Kranich: Unsere Tagung, bei der du als Referentin dabei sein wirst, heißt ja „Gespalten? Polarisierung und gesellschaftlicher Zusammenhalt“. Wir reden oft sehr viel über Polarisierung und Spaltung aber eher wenig über den Zusammenhalt. Welche Rolle spielt gesellschaftlicher Zusammenhalt im Kontext von Protest und Aktivismus?

Lena Schilling: Gesellschaftlicher Zusammenhalt spielt eine extrem große Rolle für aktivistische Arbeit. Wir können uns die Gesellschaft wie ein Haus vorstellen, das wir uns alle teilen und das unser gemeinsames Zuhause ist. Multiple Krisen von Corona über Finanzkrisen, Inflation, Klimakrise, Krieg, haben in den letzten Jahren tiefe Risse hineingegraben. Wir sehen dieses Fundament wackelt, und wir müssen gemeinsam die Spachtelmasse anrühren und bereit sein, diese Risse auch gemeinsam wieder zuzumachen. Das ist ein großer Akt, weil das Fundament irgendwie gehalten werden muss, und das können wir nicht alleine.
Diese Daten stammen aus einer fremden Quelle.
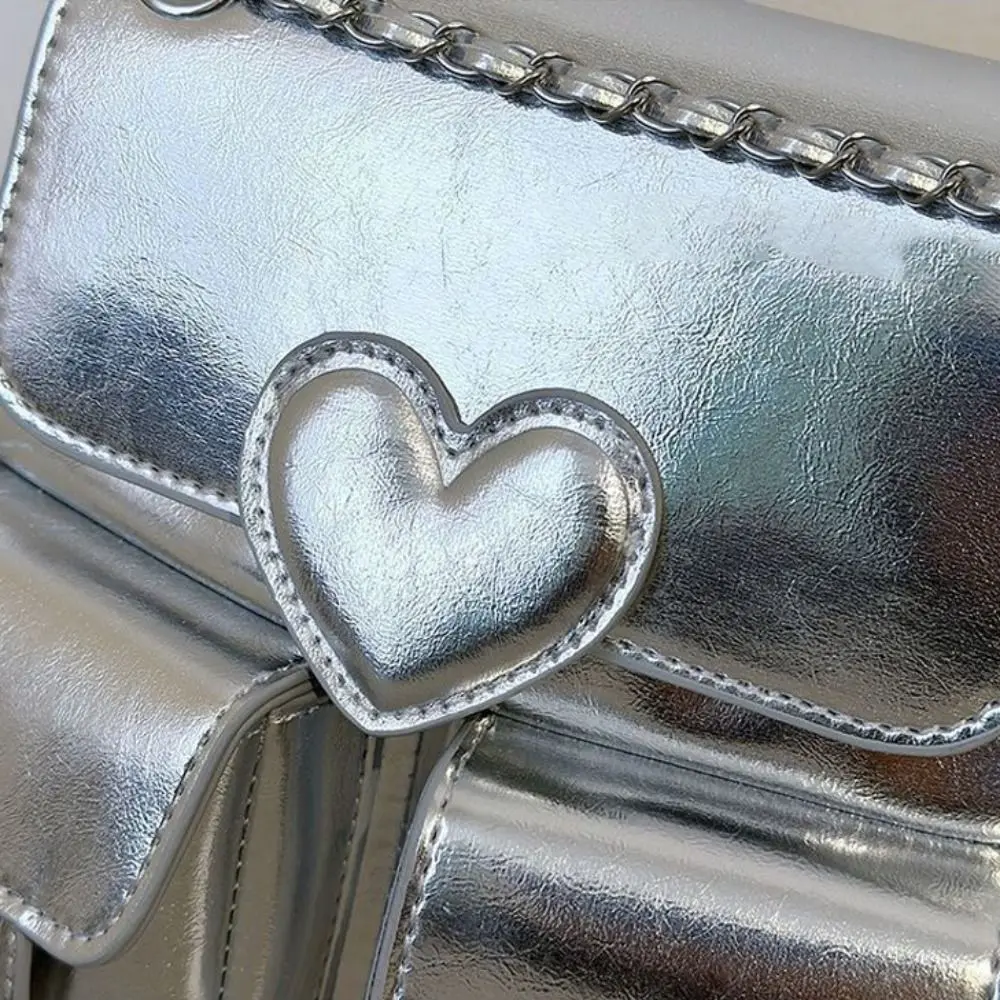 Versatile Silver Backpack Chain Solid Color Bookbag Heart Large Capacity Rucksack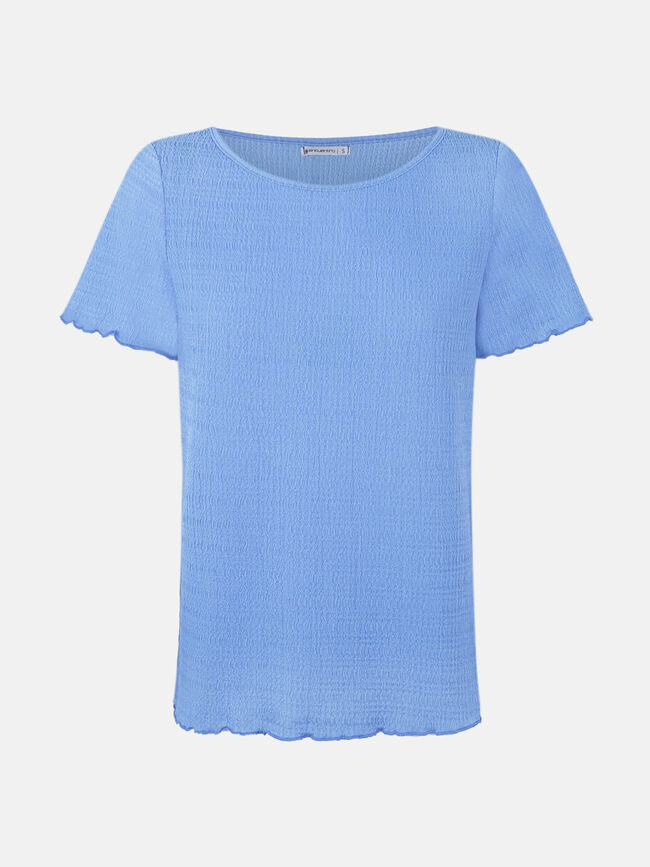 camiseta básica plisada Azulon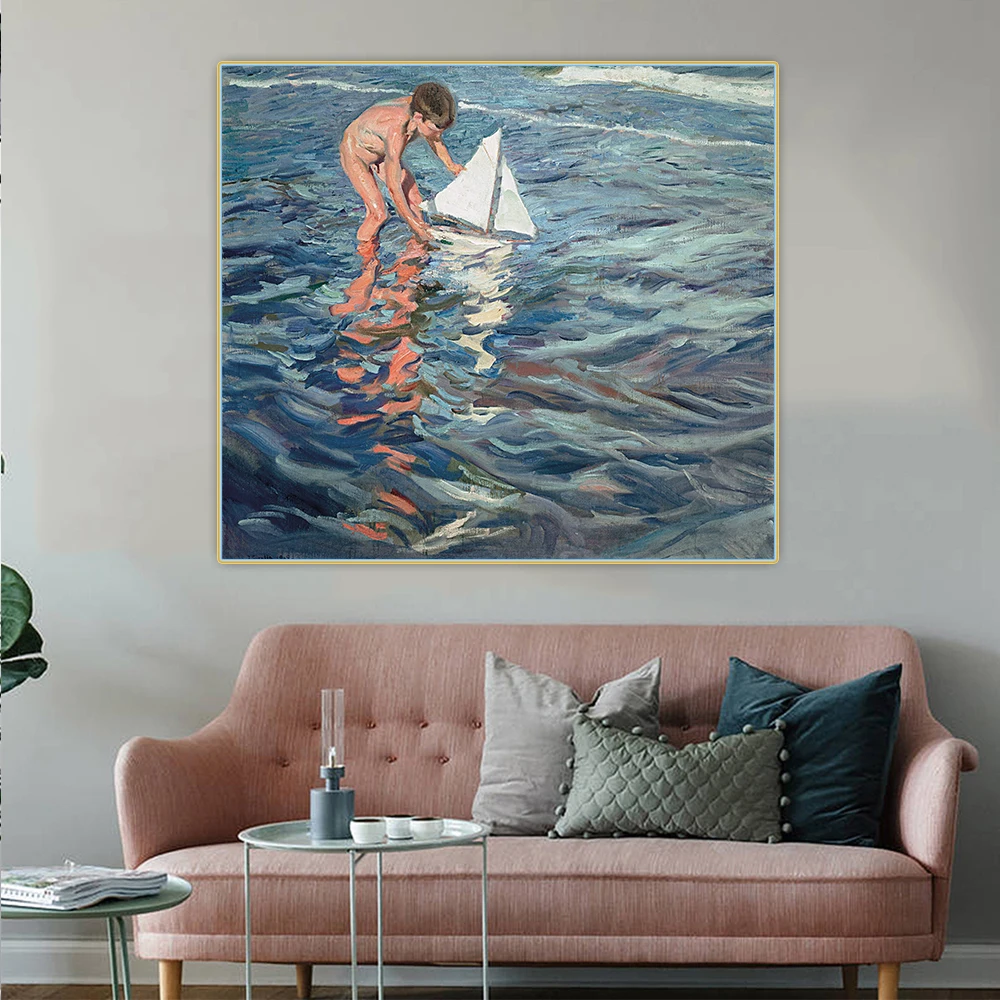 Citon Joaquin Sorolla《The Little Sailing Boat》Canvas Oil Painting Artwork Poster Decorative Picture Wall Decor Home Decoration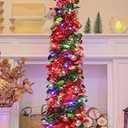 SINTENILL 5 FT Pop Up Christmas Tree with Timer Lights and Decorations, Red Green Tinsel Christmas Tree with 24 Ball Ornaments, Pencil Tree Collapsible Christmas Tree for Home, Apartment, Office
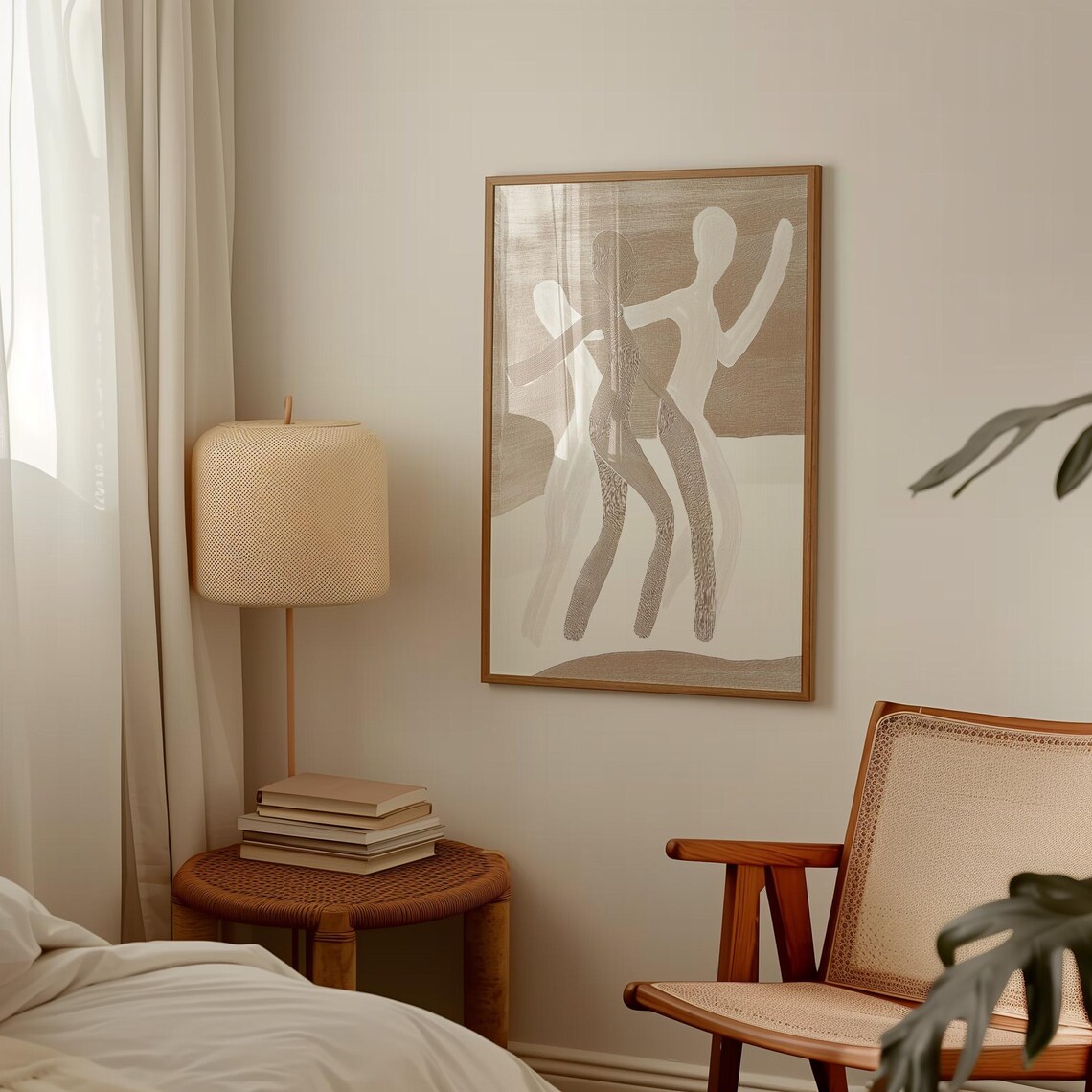 Abstract Dancing Figures Beige Brush Strokes Minimalist Modern Art Poster - Image 3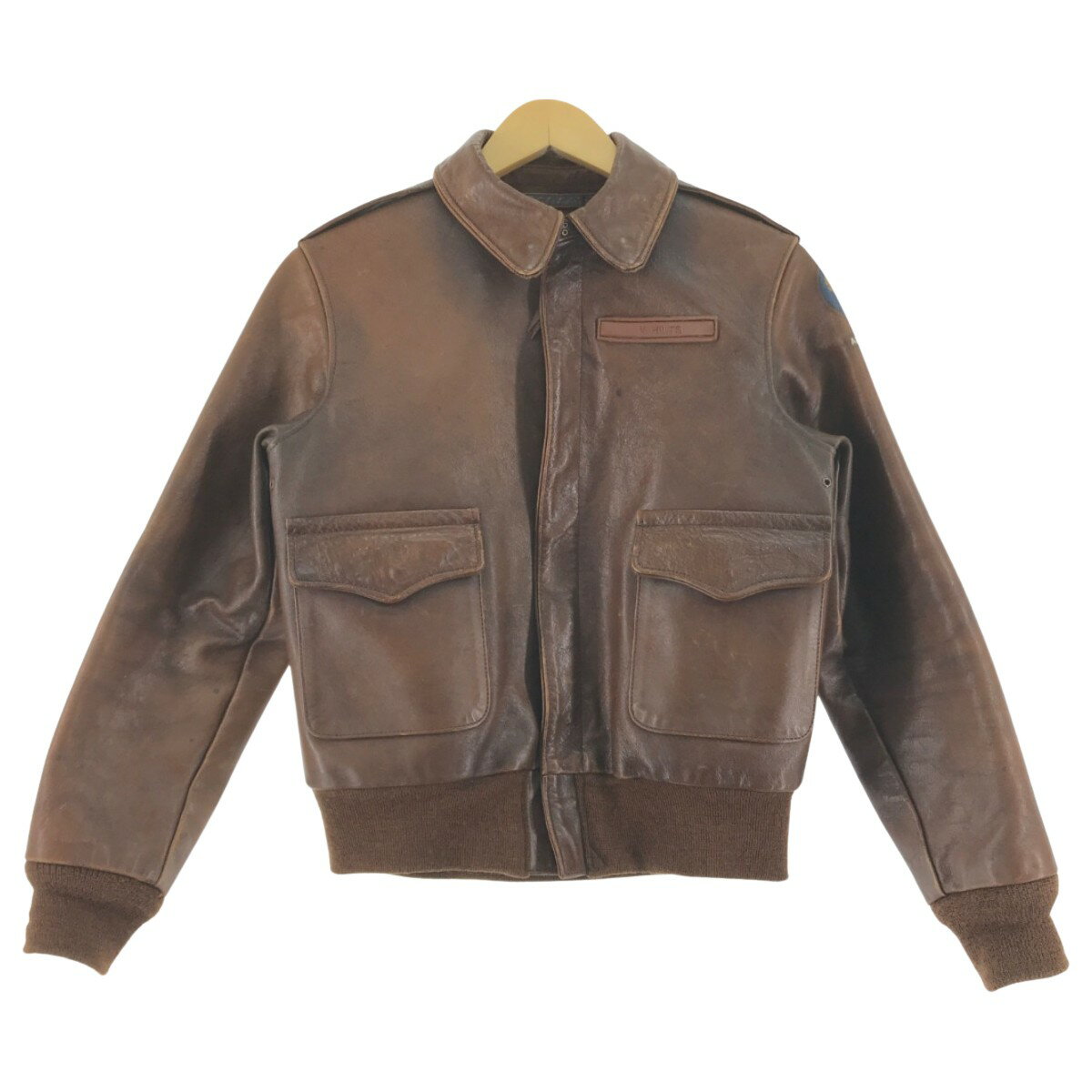 ▼▼【中古】THE REAL McCOY'S ザリアルマッコイス フライトジャケット SIZE 34 A-2JKT ブラウン Cランク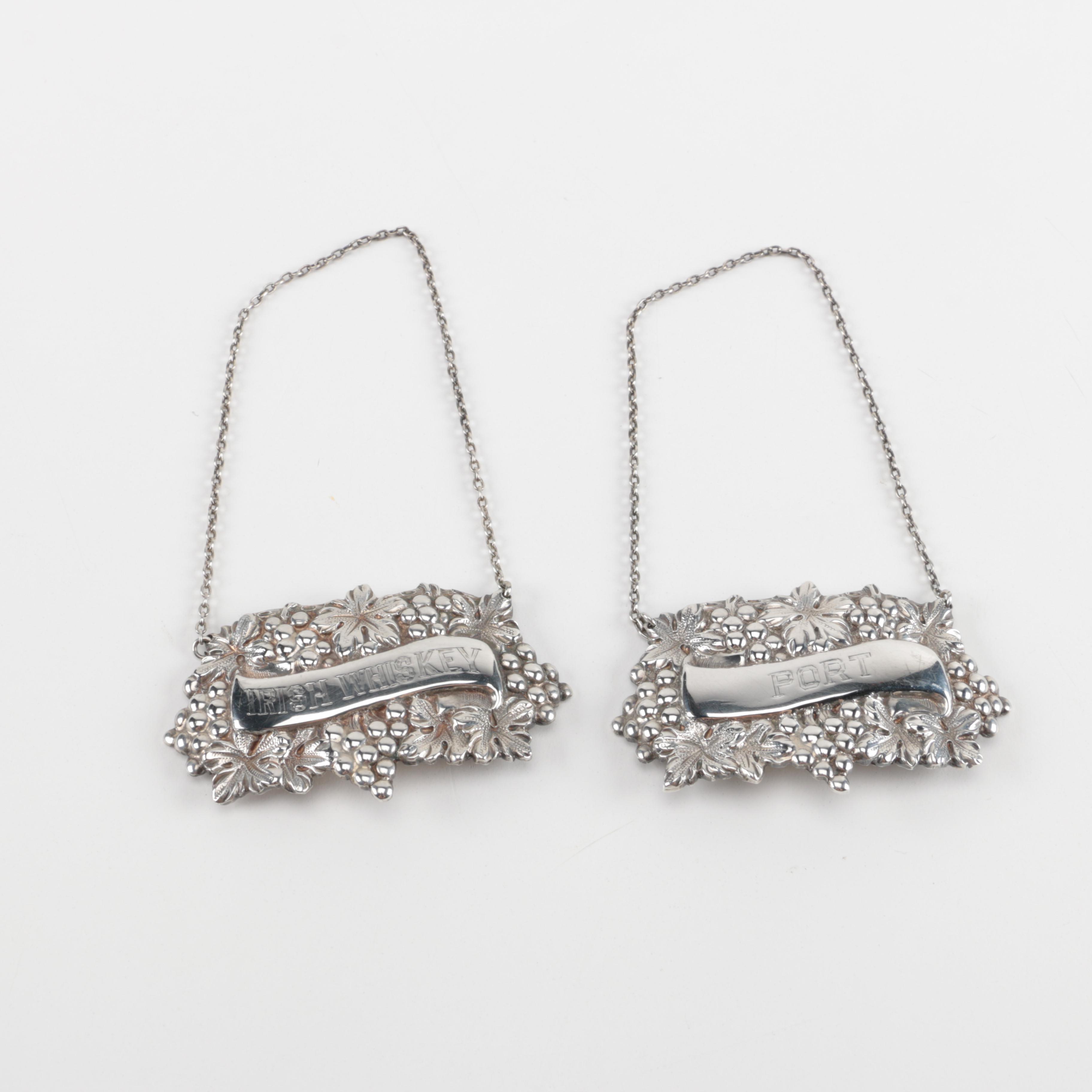 Jenkins & Jenkins, Inc. Sterling Port and Irish Whiskey Decanter Labels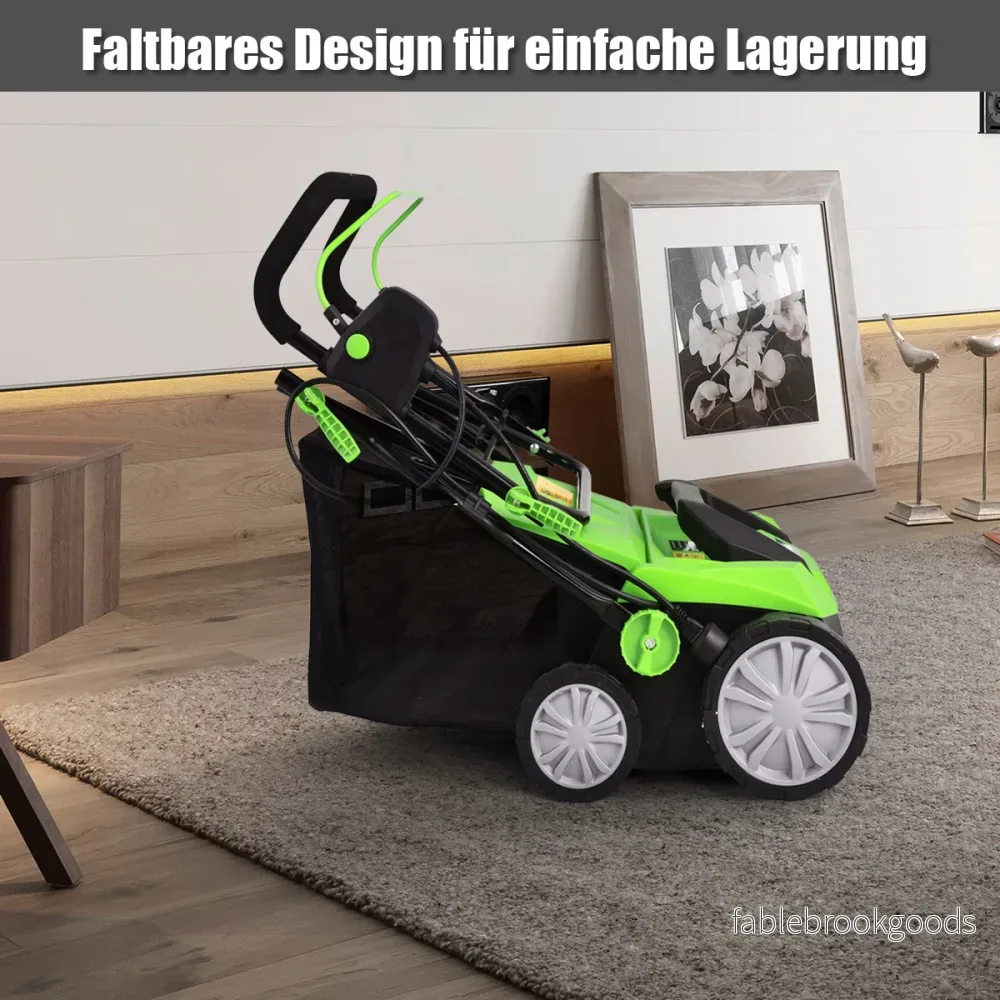 Elektrisk – rivare gräsmatta luftare 1800W nivåer Arbetsdjup – 2 106 x 58 x 110,5 cm – Grön - Bild 3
Ohne die Auseinandersetzung mit dem Thema und ohne einander werden wir das nicht schaffen. Wir reden immer über die gespaltene Gesellschaft, ich glaube nicht, dass unsere Gesellschaft so gespalten ist. Wir haben auch viel Zusammenhalt in dieser Gesellschaft geschaffen.

Was es noch braucht, ist eine andere Debattenkultur und ein anderer medialer Diskurs. Der mediale Diskurs spitzt unterschiedliche Meinungen zu und die Berichterstattung ist oft viel radikaler, als die Menschen es eigentlich sind. Dadurch sind die Medien aber auch meinungsgebend. Ich möchte einen Appell an Medien und Journalist*innen schicken: Ich verstehe, dass man Schlagzeilen braucht, das muss aber nicht dazu führen, dass man so tut, als würde es nicht auch Gemeinsamkeiten geben. Unsere Gesellschaft ist nicht so gespalten, wie es oft dargestellt wird.

Kranich: Vielen Dank für das Gespräch und die spannenden Einblicke.

Lena Schilling ist 22 Jahre alt, Klimaaktivistin und Autorin. Studiert Politikwissenschaften und hat die unabhängige Jugendorganisation “Jugendrat” gegründet. Sprecherin von “Lobau bleibt”, Wien.